Approximating Metrics by Tree Metrics

For a given vertices $V$ and distance $V \times V \rightarrow \mathcal{R} : d$. $(V,d)$ is so called a metric if following properties are hold.

$d_{uv}$ $\ge$ $0$ for all $u,v$ $\in$ $V$
$d_{uv}$ $=$ $0$ iff $u = v$
$d_{uv}$ $=$ $d_{vu}$ for all $u,v$ $\in$ $V$
(Triangular inequality) $d_{uv}$ $\le$ $d_{uw}$ $+$ $d_{wv}$ for all $u,v,w$ $\in$ $V$

Notice that we say it is a pseudometric if property 2 changes to “$d_{uv}$ $=$ $0$ if $u = v$”.

A tree metric $(V’, T)$ for a vertex set $V$ is a tree $T$ defined on a node set $V’ \supseteq V$, with non-negative edge lengths. For $u, v \in V’$, let $T_{uv}$ denote the length of the unique path between $u$ and $v$ in $T$.

A tree metric is indeed a metric. Properties 1–3 are trivial to verify.
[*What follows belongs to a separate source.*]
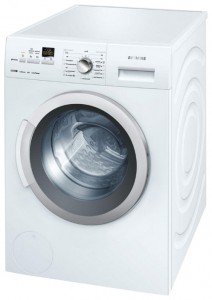 Siemens WS 10K140 洗衣机 照片, 特点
For property 4 (triangle inequality): if there is a path from $u$ to $w$ and from $w$ to $v$, concatenating them gives a path from $u$ to $v$ with length at most the sum of the two sub-paths (a cycle, if any, can be removed to shorten it).
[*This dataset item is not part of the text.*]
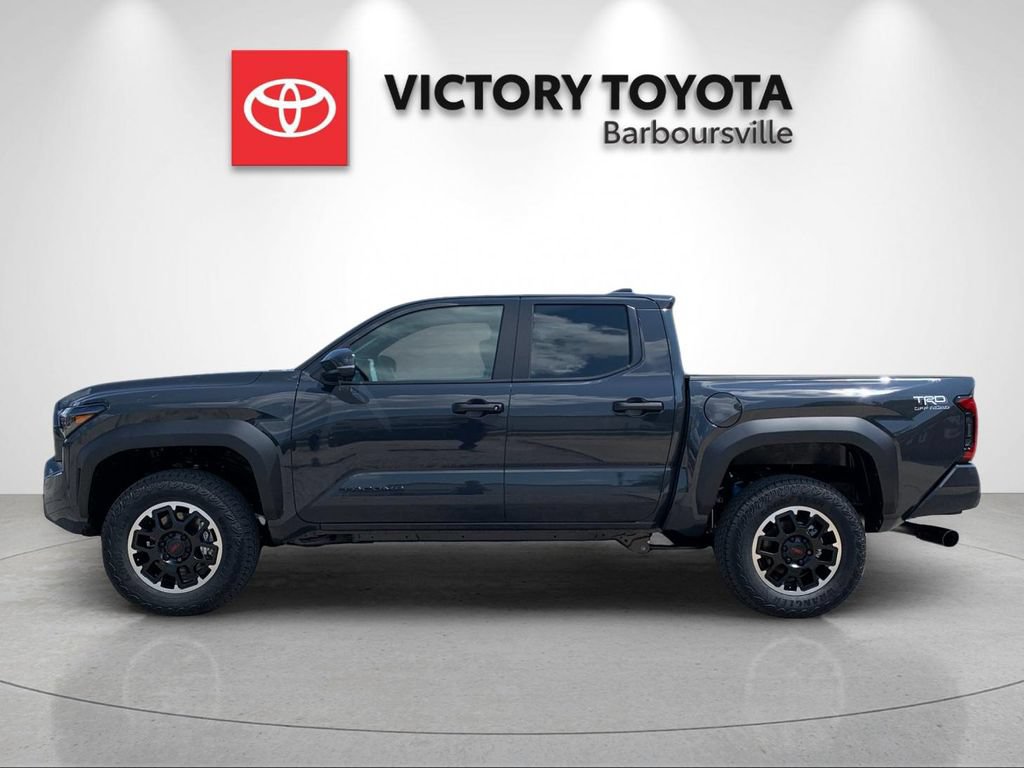 New 2026 Toyota Tacoma TRD Off-Road AWD/4WD image 2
Given a metric $d$ on $V$, we say a tree metric $(V’, T)$ is a $\operatorname{tree metic embedding}$ of distortion $\alpha$ if $d_{uv}$ $\le$ $T_{uv}$ $\le$ $\alpha d_{uv}$ for all $u,v$ $\in$ $V$.

Can any metric be approximated by a tree metric? With large enough distortion, yes. But with bounded distortion, no — in fact, there exist metrics on $n$ vertices for which no tree metric has distortion less than $\frac{n-1}{8}$. However, the following theorem gives a useful randomized result.

Given a metric $d$ on $V$ such that $d_{uv}$ $\ge$ $1$ for all $u$ $\neq$ $v$, there exists a randomized algorithm that finds a tree metric $(V’, T)$ such that for all $u, v$ $\in$ $V$, $d_{uv}$ $\le$ $T_{uv}$ and $E[T_{uv}]$ $\le$ $O(\ln \left\vert V \right\vert)d_{uv}$. Notice that this randomized algorithm picks a tree metric from a given graph. Proof is like follow.

Consider the following algorithm where $B(x, r)$ is a hypersphere with the center at $x$ and radius of $r$.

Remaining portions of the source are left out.